The eutectic alloys have found wide engineering applications for making direct cast products due their low melting temperature and good castability. The lamellar composite microstructure, comprising of alternate soft solid solution and hard intermetallic phases, offers tunable mechanical properties. Such in situ composites exhibit very high strength than their constituent single-phase alloys due to their finer lamellae thickness (~1 µm). However, super-saturation in the eutectic lamellae phases and small dislocation mean free path under strong constraining effect provided by the lamellae, result poor ductility and deteriorate the mechanical properties. Usually, bulk metallic glass forming compositions lie close to the deep stable/metastable eutectic compositions. Therefore, these alloys eventually solidify into eutectic microstructure upon slow cooling.
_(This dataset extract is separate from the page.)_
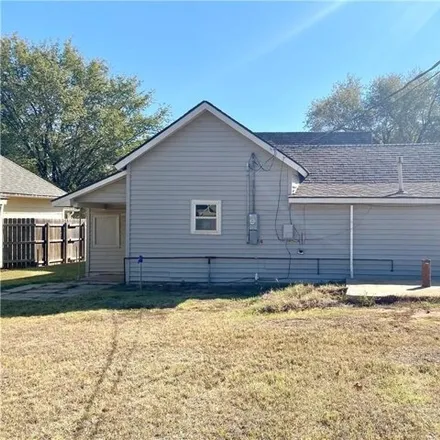 Image 3 - 168 North 5th Street, Weatherford, OK 73096, USA - House for sale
Woodcock reported that, addition of Nb/Ta/Mo to multicomponent Ti–Cu–Ni–Sn glass forming compositions stabilizes the primary β-Ti solid solution phase in the undercooled liquid [1]. Furthermore, slow cooling, assists chemical partitioning of the alloy constituents, and the composition of the residual melt become enriched in solute content towards solidification into lamellar eutectic microstructure [2]. On the other hand, high degree of constitutional undercooling produces large nucleation rate, whereas, the growth of the eutectic phases become restricted within sub-micrometer scale towards the synthesis of nano-eutectic composites (NECs) [3].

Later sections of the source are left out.